Segment Start: Dataset

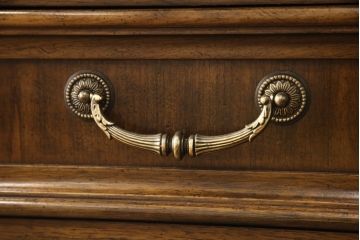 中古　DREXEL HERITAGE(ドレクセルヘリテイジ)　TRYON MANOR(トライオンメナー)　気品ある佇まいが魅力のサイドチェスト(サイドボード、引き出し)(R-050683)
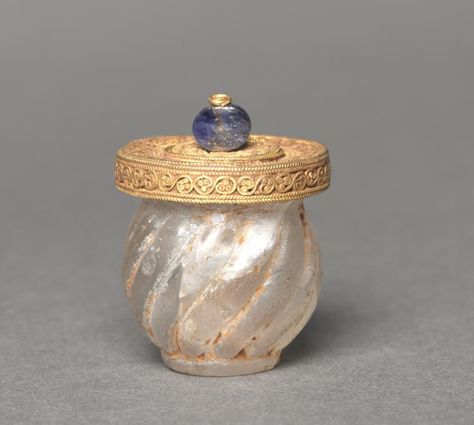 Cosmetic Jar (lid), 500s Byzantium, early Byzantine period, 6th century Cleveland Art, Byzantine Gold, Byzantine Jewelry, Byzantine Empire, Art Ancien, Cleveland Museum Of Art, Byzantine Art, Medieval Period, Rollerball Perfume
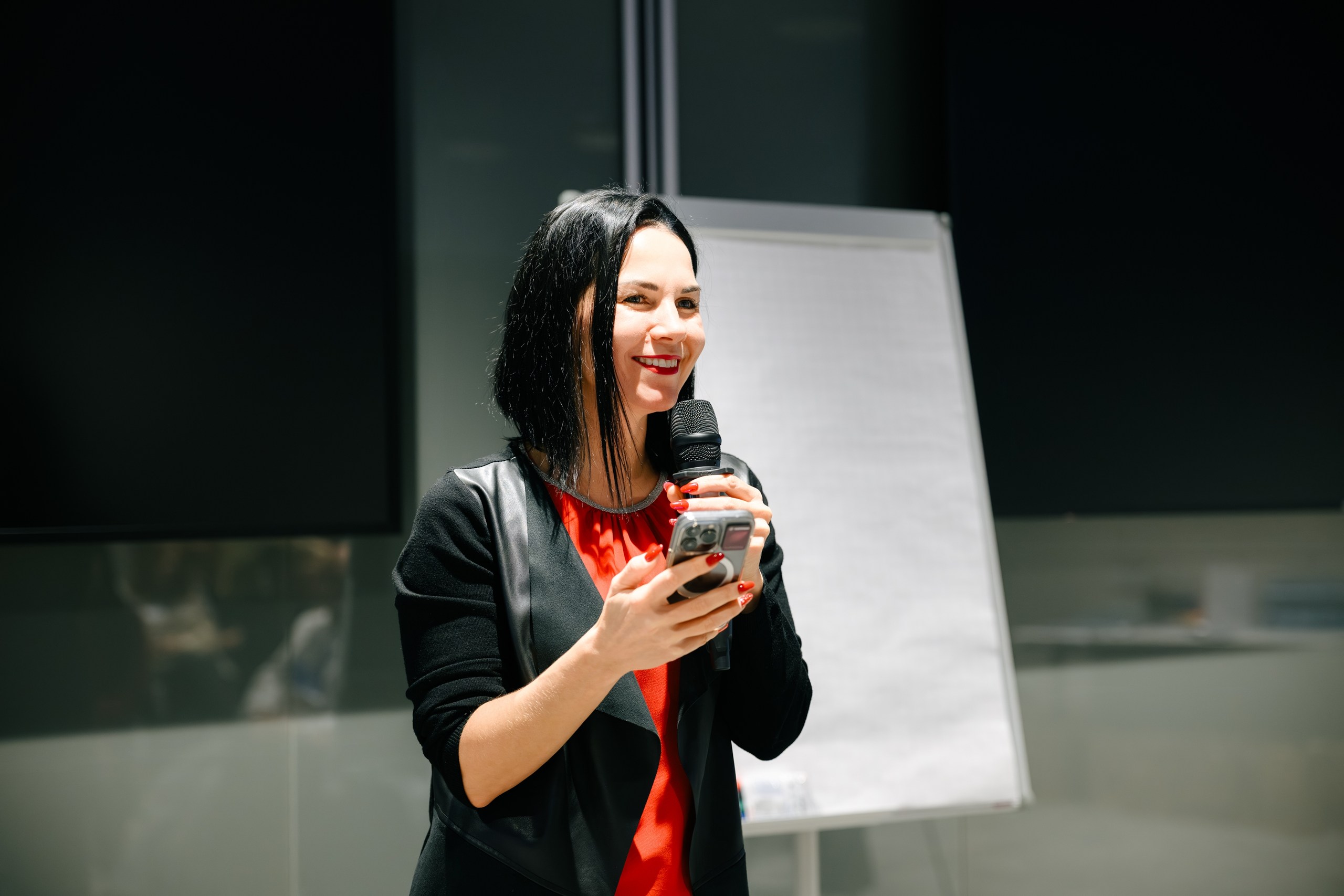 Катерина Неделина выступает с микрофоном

Segment End: Dataset
Segment Start: Dataset

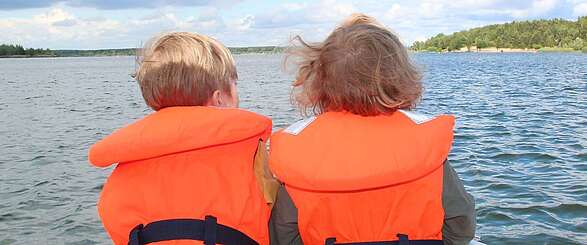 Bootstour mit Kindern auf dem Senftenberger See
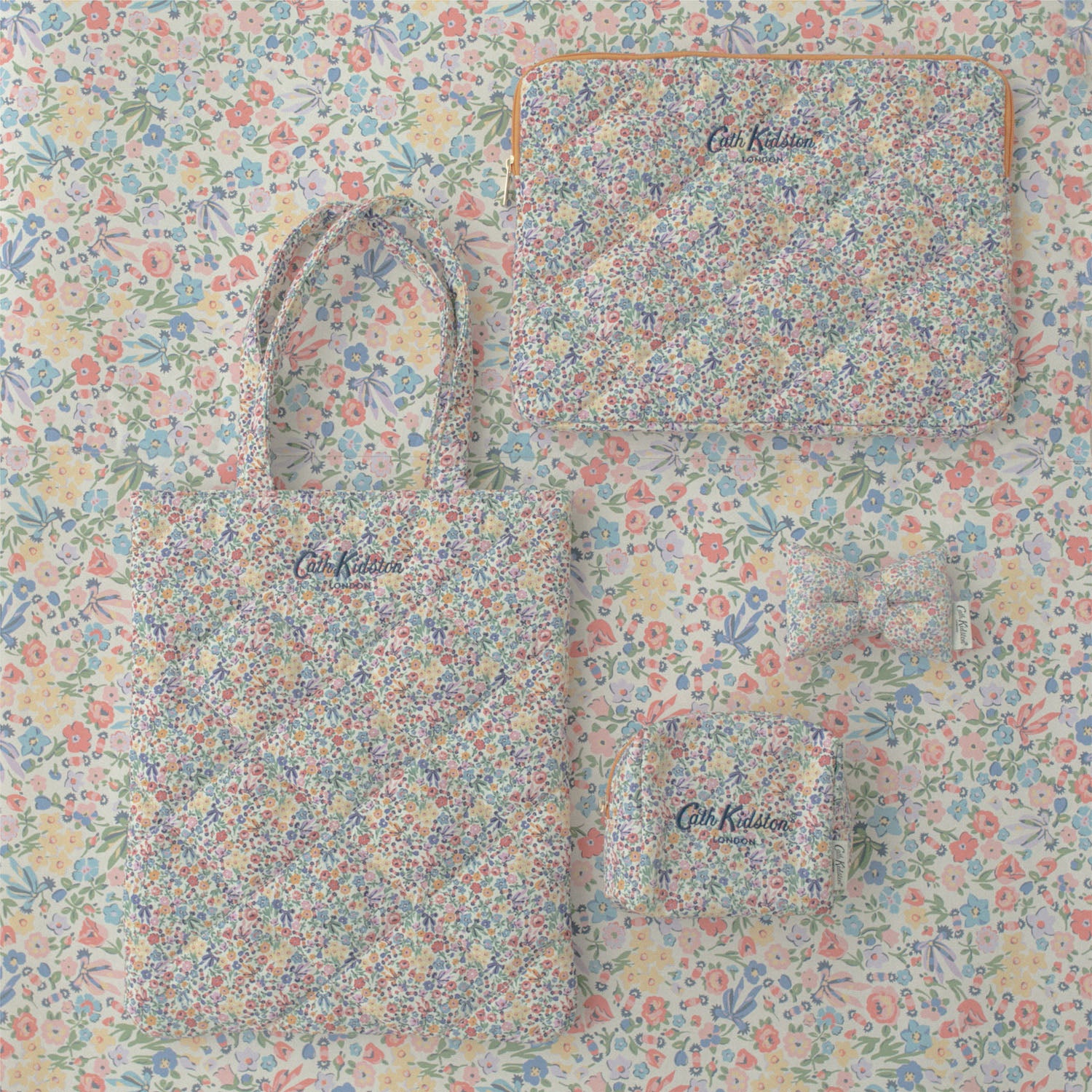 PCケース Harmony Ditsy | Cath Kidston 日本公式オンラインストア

Segment End: Dataset
Segment Start: Dataset

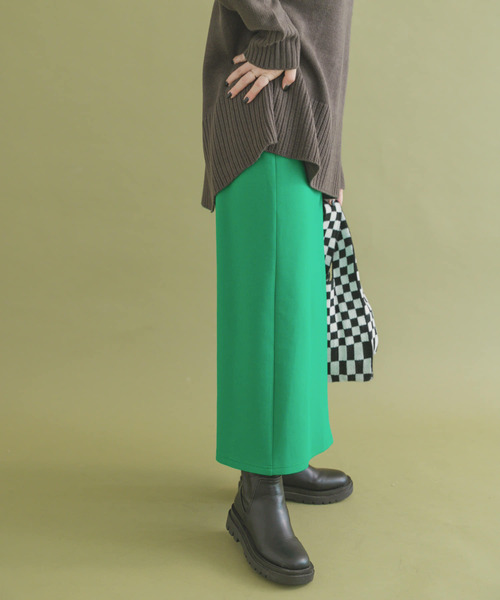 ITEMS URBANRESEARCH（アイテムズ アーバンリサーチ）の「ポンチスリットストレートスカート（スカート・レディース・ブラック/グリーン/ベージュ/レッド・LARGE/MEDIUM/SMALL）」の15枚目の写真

Segment End: Dataset

Using the material above, reproduce only the lines that run from the line with "Bootstour mit Kindern" up to and including the line with "PCケース Harmony Ditsy", exactly, with the pictures dropped.

Response below:
 Bootstour mit Kindern auf dem Senftenberger See
 PCケース Harmony Ditsy | Cath Kidston 日本公式オンラインストア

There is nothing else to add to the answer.